水戸市の那珂川河川敷沿いに広がる豊かな農地の一角に、さまざまな野菜が収穫の時期を迎えていました。トマトやナス、パプリカ、カラーピーマン、キュウリ、枝豆、水菜などの野菜が生産者の思いに応えるように実を太らせています。やがて収穫を楽しみにやってきたのは神奈川県川崎市のゴスペルグループの団体「川崎コミュニティークワイヤー」の人たち。うれしそうに収穫を始めたメンバーはこの日を楽しみにしていました。この水戸の農地と首都圏を結びつけた張本人が水戸市双葉台の西村智訓さんでした。
水戸への移住は都市緑化から
西村さんは元々東京出身で、子どものころはブラジルサンパウロで過ごしたという経歴の持ち主。大学で林業を専攻し、ビルの屋上などに緑を増やす都市緑化の会社に就職。大学の後輩である美果絵さんと結婚後、奥様と同級であったドラちゃん(本名=佳葉子さん)が水戸に就職した縁で、水戸への移住・独立を決意したそうです。
「水戸はちょっと離れれば緑豊かな土地です。ドラちゃんは那珂川のカヌーを楽しむために水戸の造園業者へ就職しましたが、私は緑のコンサルタントとして都市緑化や林業に関する仕事の場として水戸を選びました」と移住の動機を語ります。
街と里と山を結びつけた「山緑ネットワーク」の代表として昨年11月に水戸へ。その一方、水戸市柳河の石川美紀子さんの遊休地農地を借りて、農業にもチャレンジしているのです。
旺盛な活動意欲で水戸をPR
西村さんの思い切った決意と行動は、水戸在住の多くの同年代の人々へも刺激を与えています。市民で組織する「ウォーター ドアーズ」に参加して、桜川の浄化に積極的に取り組むなど見知らぬ土地でも臆することなく人脈を広げ、水戸での存在感を示し始めました。

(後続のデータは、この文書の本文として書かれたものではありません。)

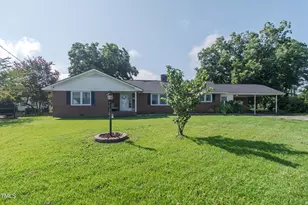 336 Goldsboro St, Newton Grove, NC 28366 - Photo 1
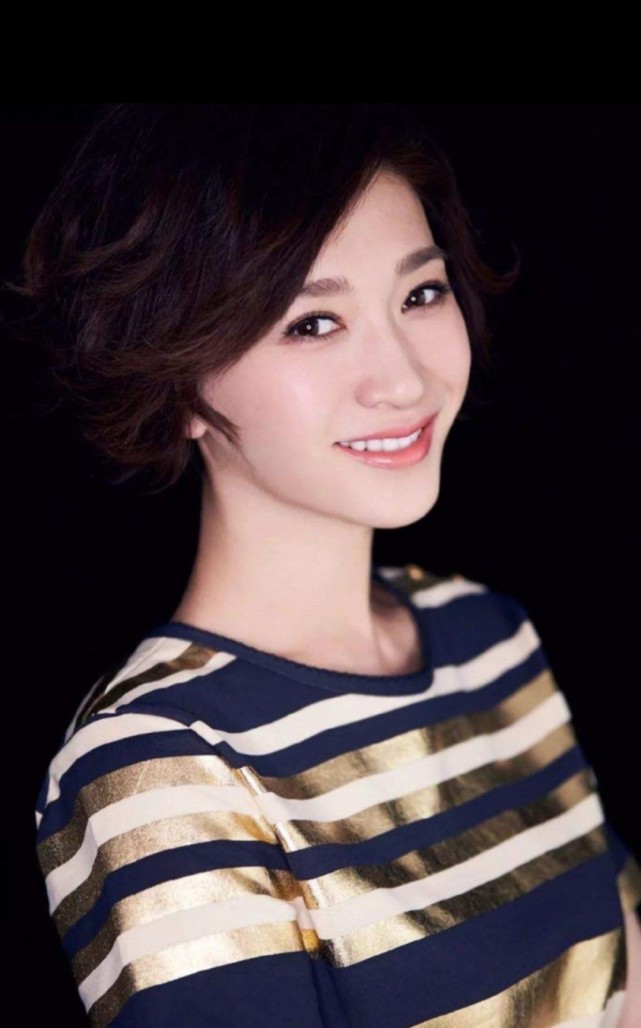李小冉的美照
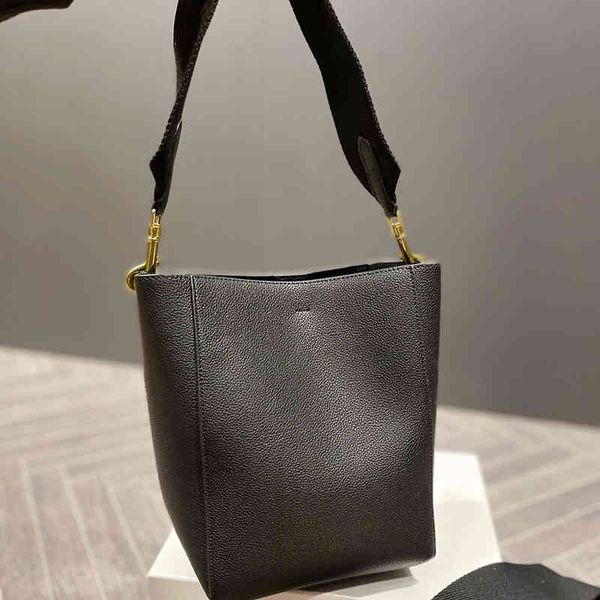 

evening bags shoulder bag tote bags designer leather handbag luxury women solid color crossbody fashion wide strap hardware buckle 220830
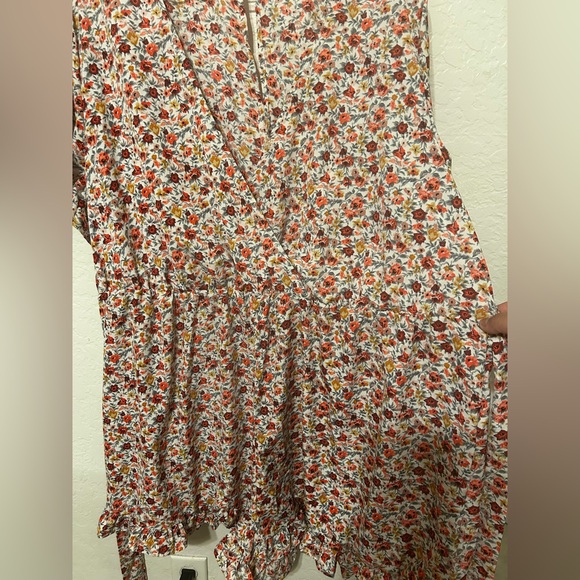 🐾SHEIN Curve Red and Gray Floral shorts romper size 4XL GUC - Picture 2 of 10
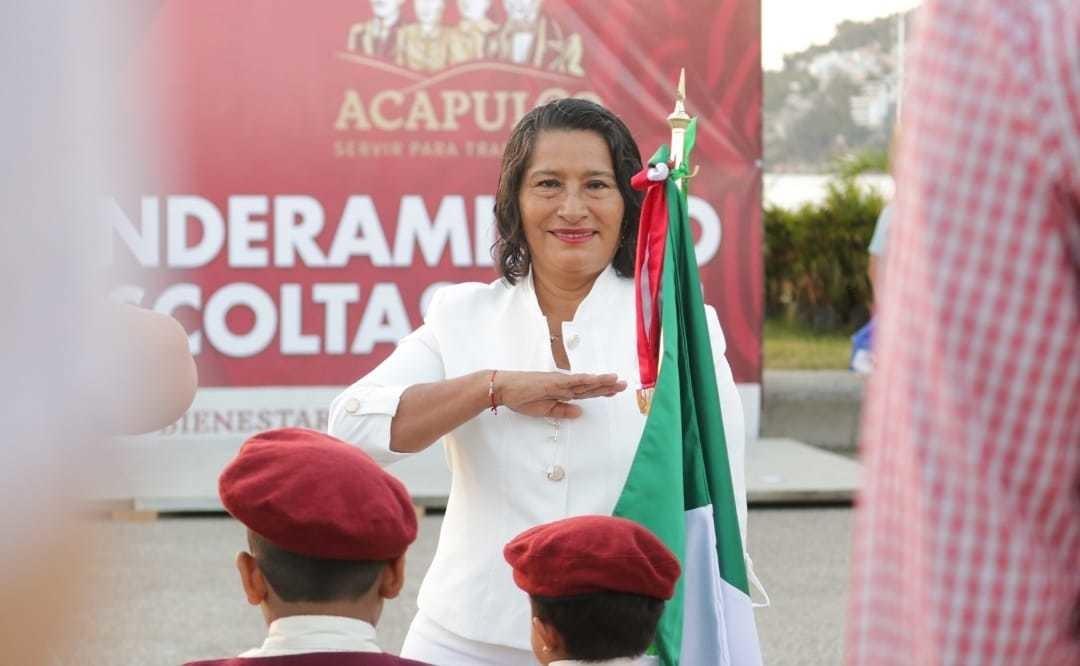 Abelina López pretende seguir gobernando Acapulco pese a la situación de violencia e inseguridad en el puerto. (FOTO: @AbelinaLopezR)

おおらかで開けっぴろげな性格はすぐに水戸の土地になじみ、フェースブックなどのSNSを通じて、首都圏へと水戸の情報発信を続け、地元の人以上に水戸の魅力を伝え続けているのです。
風評被害を気にしない首都圏人
震災直後、西村さんは石川さんの畑を借りて、首都圏の人たちに農業体験を楽しんでもらうプランを実行します。自分で栽培したい野菜の苗を自分で選んでもらって苗付けを行い、途中の管理は西村さんが行い、収穫は自分たちで行うというものです。
それが、この日のゴスペルグループのメンバーでした。皆自分たちの植え付けた野菜の実りに歓声をあげ、楽しそうに収穫します。茨城では原発事故のために風評被害が出ているなんて、微塵も感じさせなく、自分たちの野菜の収穫に時を忘れたように取り組みました。
収穫後は西村さんの本領発揮です。西村さんのもう一つの顔である山の調理人・森のクラフト作家としての腕の見せ所となりました。西村さんのダイナミックなダッチオーブン料理が参加者に振る舞われ、あたりが闇に包まれるまで、農作物の収穫を祝い合いました。
首都圏から水戸へ移り住み、水戸の農業や街の魅力を発信する「伝え人」のひとりが西村さんです。